Wright, C F; Parker, M; Lucassen, A M.
Afiliación
  • Wright CF; Institute of Biomedical and Clinical Science, University of Exeter Medical School, Royal Devon and Exeter Hospital, Exeter, UK.
  • Parker M; The Wellcome Centre for Ethics and Humanities/Ethox Centre, Nuffield Department of Population Health, University of Oxford, Oxford, UK.
  • Lucassen AM; Clinical Ethics and Law, Faculty of Medicine, University of Southampton, Southampton, UK. a.m.lucassen@soton.ac.uk.
Genet Med ; 21(1): 97-101, 2019 01.
Article en En | MEDLINE | ID: mdl-29904162
ABSTRACT

PURPOSE:

Accidental discovery of misattributed parentage is an age-old problem in clinical medicine, but the ability to detect it routinely has increased recently as a result of high-throughput DNA sequencing technologies coupled with family sequencing studies.

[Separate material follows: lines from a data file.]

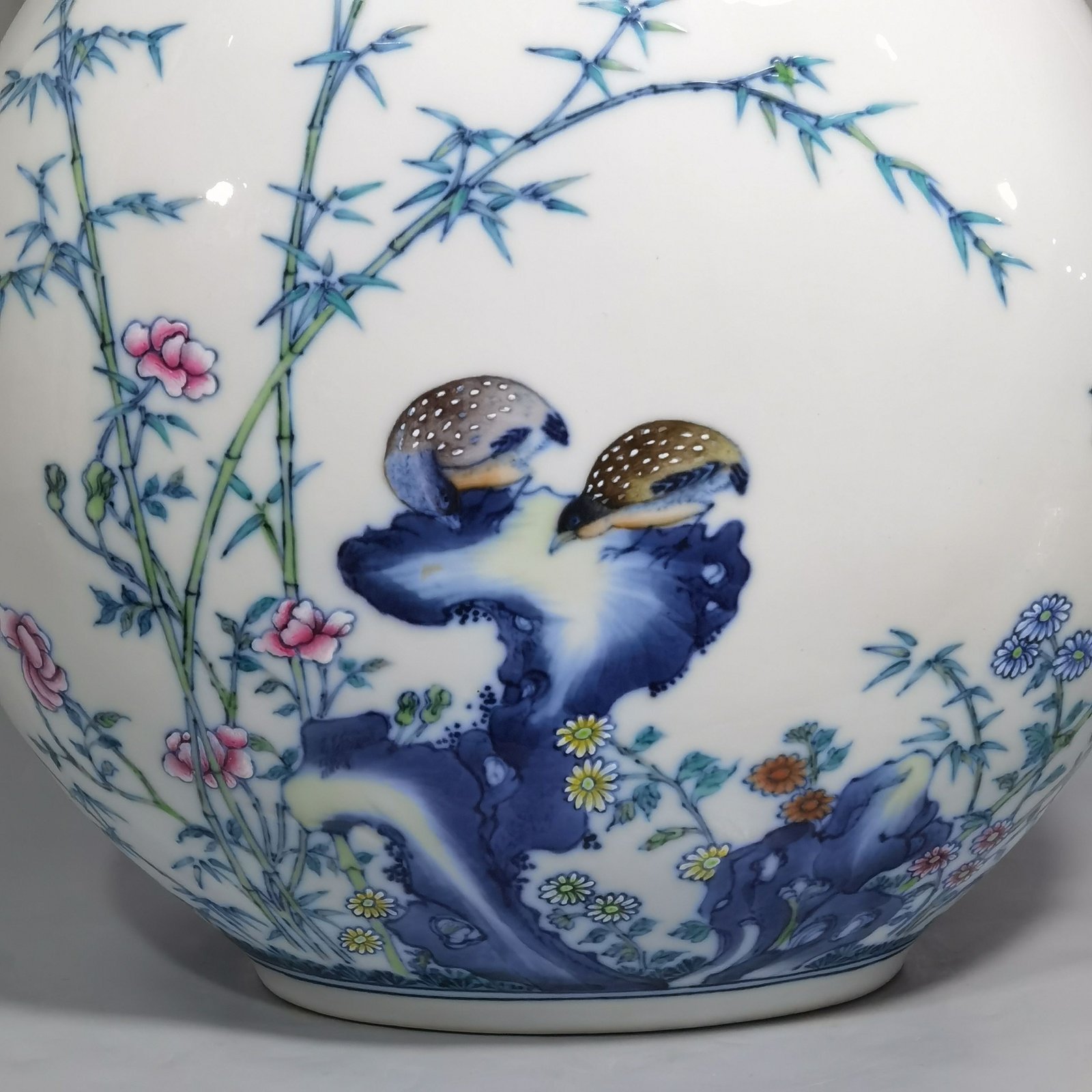 Qing Dynasty Yongzheng blue and white and pastel Anxi figure holding the moon flat vase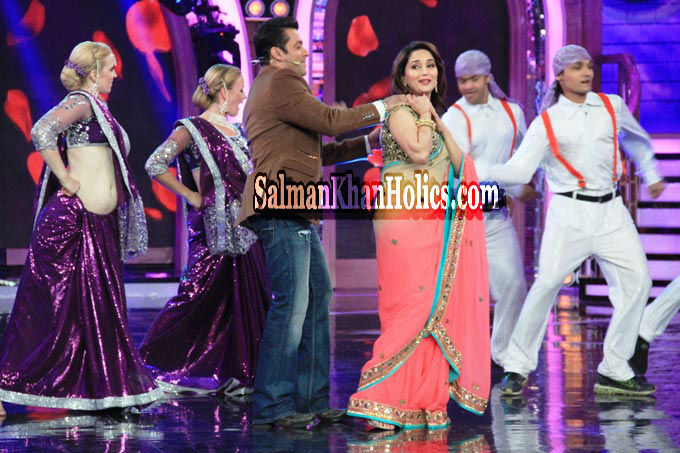 salman - ★ Salman Khan with Madhuri Dixit and Huma Qureshi on Bigg Boss 7 (December 8th 2013) ! Tumblr_mxmcbxiMin1qctnzso3_r1_1280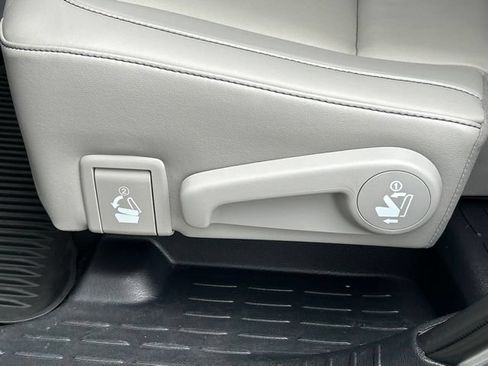Used 2019 Toyota Highlander XLE AWD/4WD image 35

Problems arise at the clinical-research boundary, where policies and consent forms guaranteeing nondisclosure may conflict with standard clinical care.

METHODS:

To examine the challenges of managing misattributed parentage within hybrid translational research studies, we used a case study of a developmentally delayed child with a candidate variant found through a large-scale trio genome sequencing study in which data from unrelated samples were routinely excluded.

RESULTS:

We discuss whether genetic parentage should be explicitly confirmed during clinical validation, thus giving greater weight to the diagnosis according to American College of Medical Genetics and Genomics variant interpretation guidelines, and what tensions this approach would create.

CONCLUSION:

We recommend that the possibility of finding and disclosing misattributed parentage should be addressed during the consent or pretest counseling process, and that clinical relevance should determine whether or not to disclose results in the clinic. This proposition has implications for research governance, and implies that it may not always be possible to uphold nondisclosure commitments as investigations move from research to clinical care.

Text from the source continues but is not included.